McMillian, the legend goes, exorcised the spirits and bound them to a plot of land 12 miles outside the city limits. Today McMillian’s great-great-grandson Eddie McLaurin, owns the land. McLaurin has turned this tract of land into one of the country’s most popular Halloween attractions, the Woods of Terror.
Located at 5601 North Church Street in Greensboro, the haunt—which is on MSNBC.com’s list of the 20 best Halloween attractions in the United States—features 10 stations of uniquely horrifying experiences that vary from year to year, and the entire attraction takes about an hour to complete. Those visitors brave enough to take on the woods—which, despite the nearly hour drive, still lure Duke students—start in The Tomb, a 2,000-square-foot pitch-black maze. Actors stealthily walk around the maze and periodically scream at the people walking blindly through the maze.

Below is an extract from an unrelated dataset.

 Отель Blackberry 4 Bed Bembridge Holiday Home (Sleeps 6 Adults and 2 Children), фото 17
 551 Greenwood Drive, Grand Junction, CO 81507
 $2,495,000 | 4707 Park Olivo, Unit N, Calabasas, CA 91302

Thrill-seekers then venture through the Tour of Terror, the Backwoods Slaughter House and the Hillbilly Hayride before they arrive at an attraction that is literally straight out of the movies. The Killing Fields recreates a scene from the Hollywood film Jeepers Creepers. Ticketholders walk through a school bus where monsters from the film appear and chase everyone through a giant cornfield.
“I think I sprinted through the corn stalks,” senior Kristen Markham said. “I don’t even remember because I was so scared. All I knew was there was a guy with a chainsaw right behind me.”

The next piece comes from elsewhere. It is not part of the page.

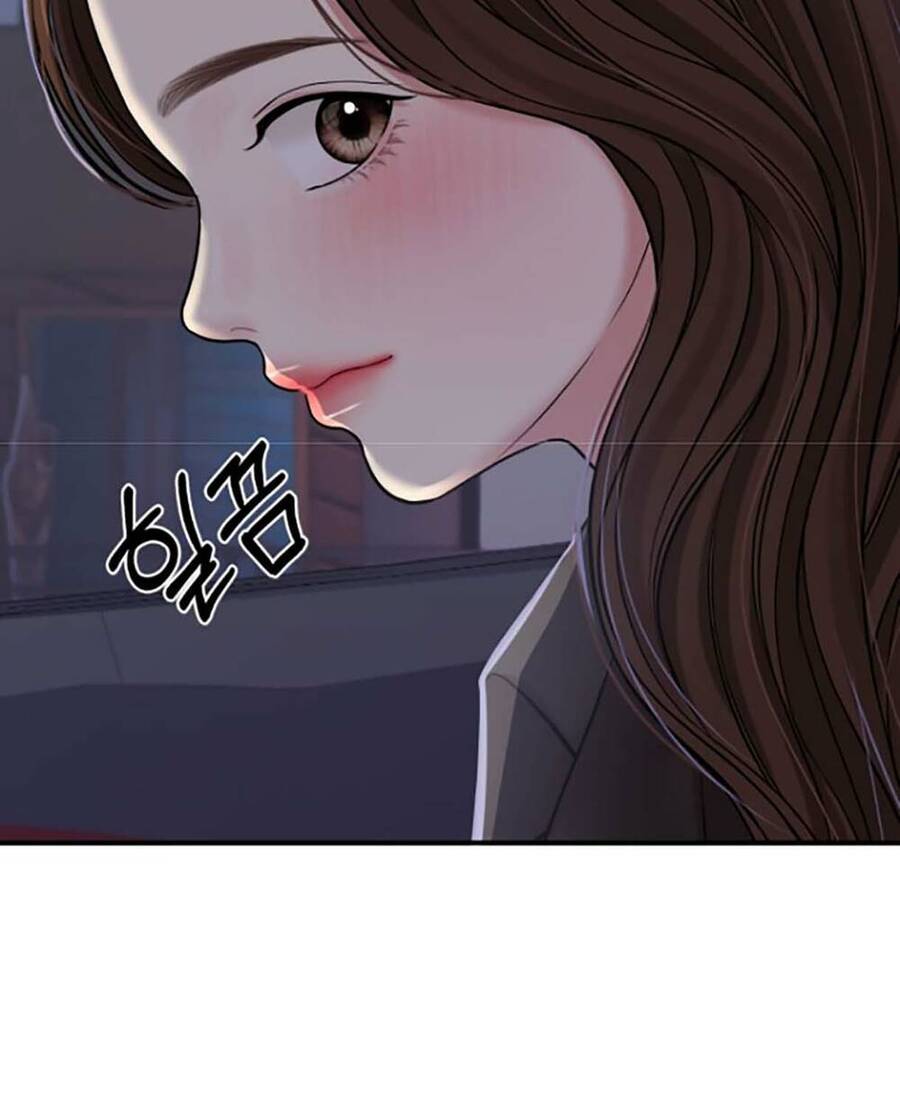 gửi em, người nuốt trọn vì sao chapter 112.2 114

Participants then walk through the Heavy Metal Nightmare, the Funhouse of Fear, the 3-D Experience and the 3-D Vortex, a tunnel that makes those walking through feel like they are turning sideways.

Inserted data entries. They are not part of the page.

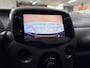 Toyota Aygo 1.0 VVT-i x automaat | Apple Carplay & Android Auto | Camera | Bluetooth | 15 Inch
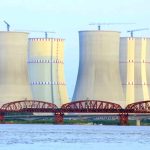 Rooppur Nuclear Plant
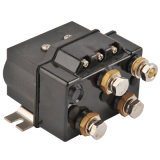 Solenoid 450A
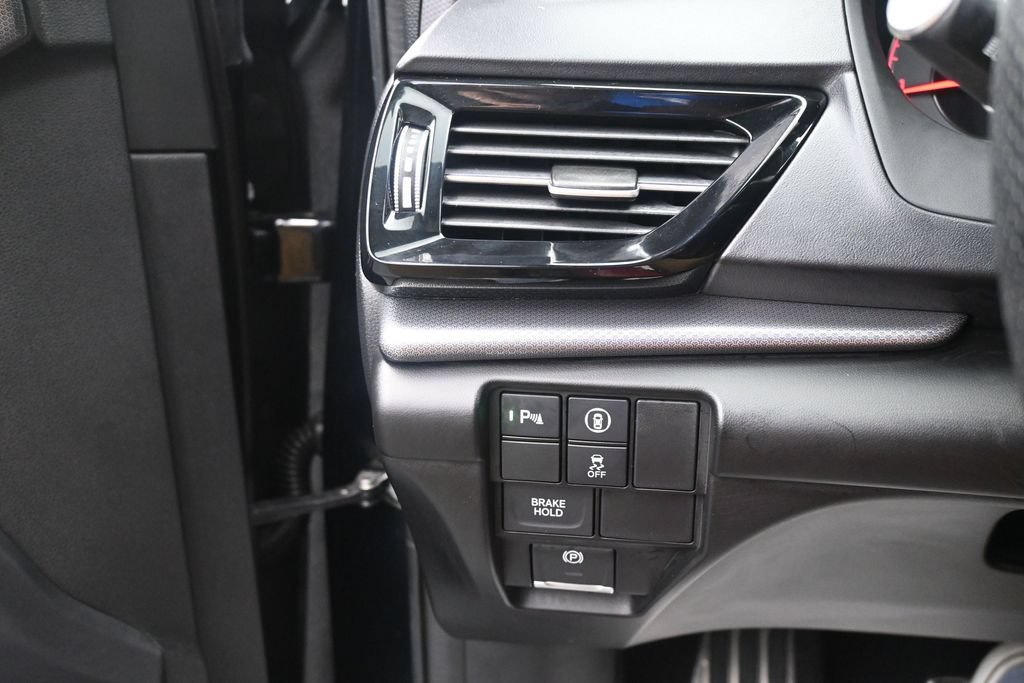 Used 2023 Acura RDX w/ Advance Package AWD/4WD image 27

“I really liked the 3-D Vortex,” senior Curtis Asbury said. “Even though I knew it was an illusion, I still had a tough time walking straight.”
For all the fun of the haunting experience, senior Mary Jordan Mullinax said some parts were a little too creepy for her.
“Starting at the funhouse, this scary clown started following me,” Mullinax said. “But he was right behind me, breathing on my neck for almost five minutes. I thought that was a little obnoxious.”
In addition to creating a large-scale Halloween adventure, McLaurin attempts to spread the teachings of Jesus Christ with a video at the entrance to the Woods of Terror and then upon visitors’ exit by handing out Christian literature.
“Woods of Terror has worked hard to spread the Gospel where quite frankly, no man has gone before,” McLaurin wrote on the Woods of Terror website. “The last place you would expect to hear about the plan of salvation would be at a haunted attraction. This is why I have tried to network with local youth groups to get them involved and to give them a bit of something fun to do at the same time.”
In the end, most were pleased with the 2004 version of the Woods of Terror.
“I would recommend it,” Asbury said. “It was a good value and it was worth the drive. I’m glad I had two girls with me because it made it scarier because they were screaming the whole time.”